Frequently Asked Questions

Check your docs version

This version of the Anyscale docs is deprecated. Go to the latest version for up to date information.

How do I leverage Ray AIR fault tolerance with Anyscale Jobs?

You can configure fault tolerance for training and tuning workloads by using Ray Tune with Anyscale Jobs.

To enable this fault tolerance, Tune experiment state needs to be saved to some persistent storage location. We show 2 ways of configuring storage options in Tune:

Network Filesystem (NFS)

Anyscale Jobs provides a few mounted network filesystems out of the box. Using one of these provided NFS mounts is the recommended way to use Tune with Anyscale Jobs. See this section on storage options for the full list.

For the following example, we'll use the /mnt/user_storage as the location where all nodes save their experiment outputs (like model checkpoints and reported results). Using this storage location will persist experiment data through cluster restarts when the Anyscale Job retries on a failure.

tune_nfs_example.py
import argparse
import os

import anyscale
from ray import tune
from ray.air import CheckpointConfig, RunConfig
from ray.rllib.algorithms.ppo import PPO

parser = argparse.ArgumentParser()
parser.add_argument(
    "--experiment-name",
    type=str,
    default="anyscale_job_tune_nfs_example",
    help=(
        "Tune experiment name. "
        "Experiment outputs will be saved to: "
        "`/mnt/user_storage/ray_results/<experiment_name>`."
        "Be sure to specify a unique experiment name for each new job. "
        "Otherwise, this script will try to restore from an existing experiment."
    ),
)
args = parser.parse_args()

local_dir = "/mnt/user_storage/ray_results"
experiment_dir = os.path.join(local_dir, args.experiment_name)

if os.path.exists(experiment_dir):
    # Anyscale Job retry
    # The experiment directory exists, and we want to resume from where we left off
    tuner = tune.Tuner.restore(experiment_dir, resume_errored=True)
else:
    # Initial launch of the Anyscale Job
    # We start a new Tune experiment from scratch
    tuner = tune.Tuner(
        PPO,
        param_space={
            "env": "Humanoid-v2",
            "num_sgd_iter": tune.choice([10, 20, 30]),
        },
        tune_config=tune.TuneConfig(
            num_samples=2, metric="episode_reward_mean", mode="max"
        ),
        run_config=RunConfig(
            name=args.experiment_name,
            local_dir=local_dir,
            # Disable Tune's default syncing, since the NFS
            # will already be synchronized for all nodes.
            sync_config=tune.SyncConfig(syncer=None),
            stop={"training_iteration": 100},
            checkpoint_config=CheckpointConfig(num_to_keep=1),
        ),
    )

result_grid = tuner.fit()
best_result = result_grid.get_best_result()
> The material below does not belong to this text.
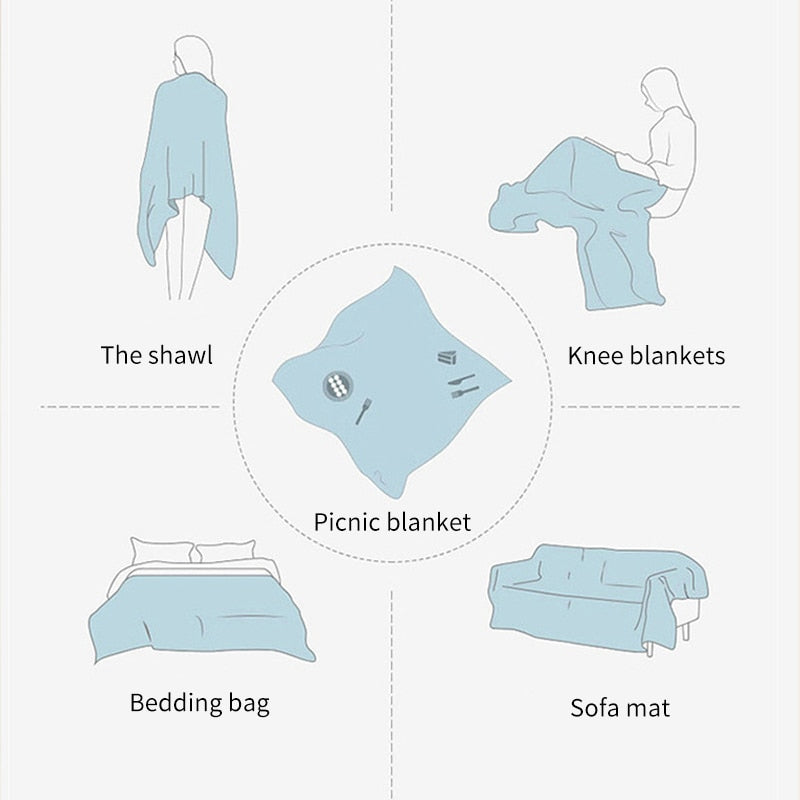 Throw Blanket - Thickened Flannel Fleece Throw Blanket - Thickened Flannel Fleece Furvenzy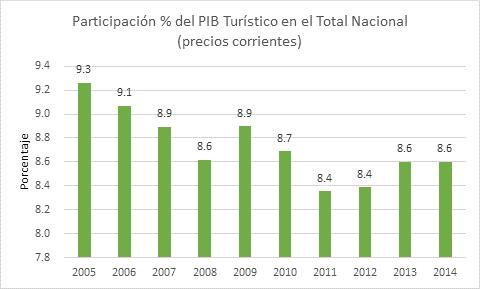 PIB turístico (INEGI) De acuerdo con información de la Cuenta Satélite del Turismo de México, el turismo ha mantenido una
# Output some information about the best result
anyscale.job.output(
    {
        "best_result_log_dir": str(best_result.log_dir),
        "best_result_checkpoint_uri": best_result.checkpoint.uri,
        "best_result_config": best_result.config,
        "best_result_metrics": best_result.metrics,
    }
)

Launch this script from a workspace with: anyscale job submit -- python tune_nfs_example.py --experiment-name="<some-unique-name>"

For more details, see the Ray docs on configuring Tune experiments with NFS.
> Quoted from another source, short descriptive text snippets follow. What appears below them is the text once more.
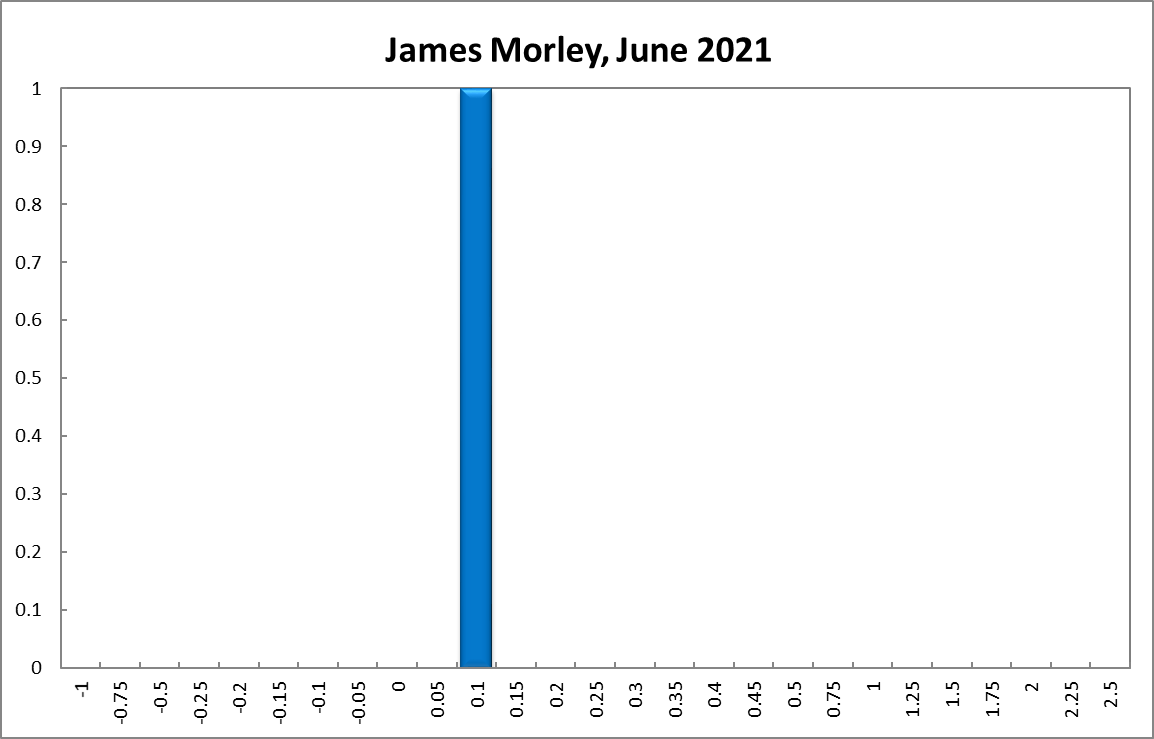 James Morley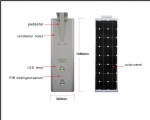 50W All In One Solar Street Light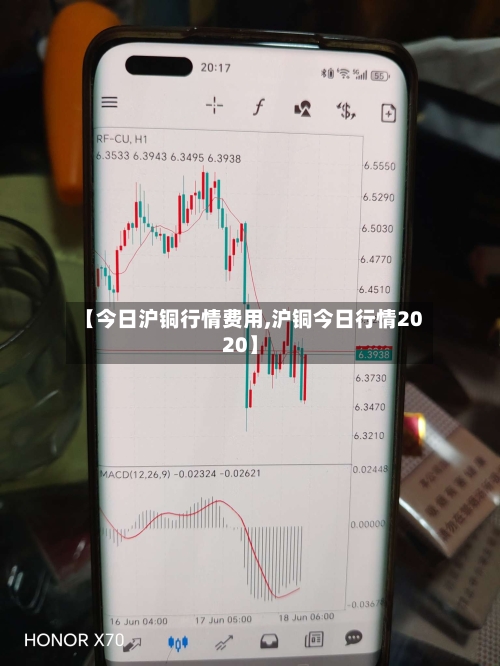 【今日沪铜行情费用,沪铜今日行情2020】-第3张图片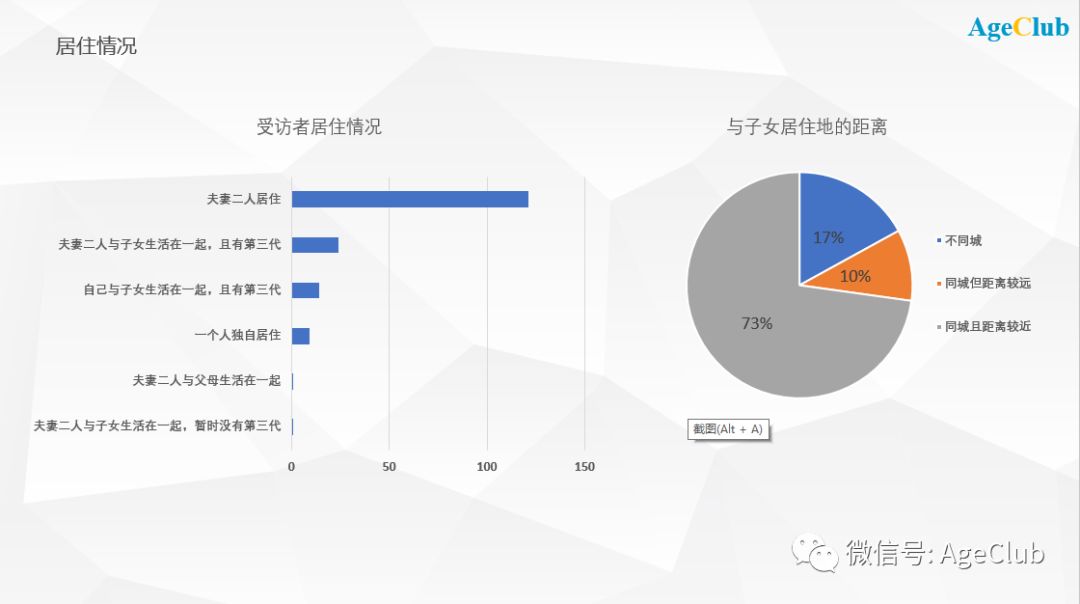 200位三线城市中高端老年人消费行为：76%表示不吃保健品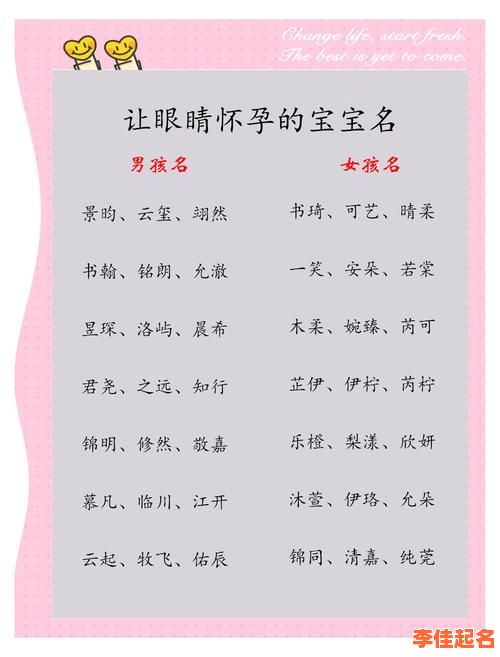 2025最新分享|“饴”字给女宝宝起名的温暖意境与甜美寓意解析-第1张图片 2025最新分享|“饴”字给女宝宝起名的温暖意境与甜美寓意解析-第1张图片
When your Anyscale Job retries, it will automatically resume each trial from their latest checkpoint. When your Anyscale Job completes, you can view information about the best result from the Job logs in the Anyscale UI.
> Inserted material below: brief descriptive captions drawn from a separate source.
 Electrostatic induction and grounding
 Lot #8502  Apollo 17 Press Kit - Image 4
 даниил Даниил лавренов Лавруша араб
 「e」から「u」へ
Cloud Storage (Amazon S3, Google Cloud Storage)

Another option is to use cloud storage accessible by all nodes in the cluster.

Make sure you can access an S3 bucket (S3 guide) or GCS bucket (GCS guide) from your cluster.
Set the upload_dir configuration in the Tune SyncConfig to point to your bucket. You should use a s3:// or gs:// URL.

tune_cloud_example.py
import argparse
import os

import anyscale
from ray import tune
from ray.air import CheckpointConfig, RunConfig
from ray.air._internal.remote_storage import list_at_uri
from ray.rllib.algorithms.ppo import PPO

parser = argparse.ArgumentParser()
parser.add_argument(
    "--experiment-name",
    type=str,
    default="anyscale_job_tune_cloud_example",
    help=(
        "Tune experiment name. "
        "Experiment outputs will be saved to: "
        "`s3://tune-bucket/<experiment_name>`."
        "Be sure to specify a unique experiment name for each new job. "
        "Otherwise, this script will try to restore from an existing experiment."
    ),
)
args = parser.parse_args()

upload_dir = "s3://tune-bucket"
experiment_dir = os.path.join(upload_dir, args.experiment_name)

if args.experiment_name in list_at_uri(upload_dir):
    # Anyscale Job retry
    # The experiment directory exists, and we want to resume from where we left off
    tuner = tune.Tuner.restore(experiment_dir, resume_errored=True)
else:
    # Initial launch of the Anyscale Job
    # We start a new Tune experiment from scratch
    tuner = tune.Tuner(
        PPO,
        param_space={
            "env": "Humanoid-v2",
            "num_sgd_iter": tune.choice([10, 20, 30]),
        },
        tune_config=tune.TuneConfig(
            num_samples=2, metric="episode_reward_mean", mode="max"
        ),
        run_config=RunConfig(
            name=args.experiment_name,
            sync_config=tune.SyncConfig(upload_dir=upload_dir),
            stop={"training_iteration": 100},
            checkpoint_config=CheckpointConfig(num_to_keep=1),
        ),
    )

result_grid = tuner.fit()
best_result = result_grid.get_best_result()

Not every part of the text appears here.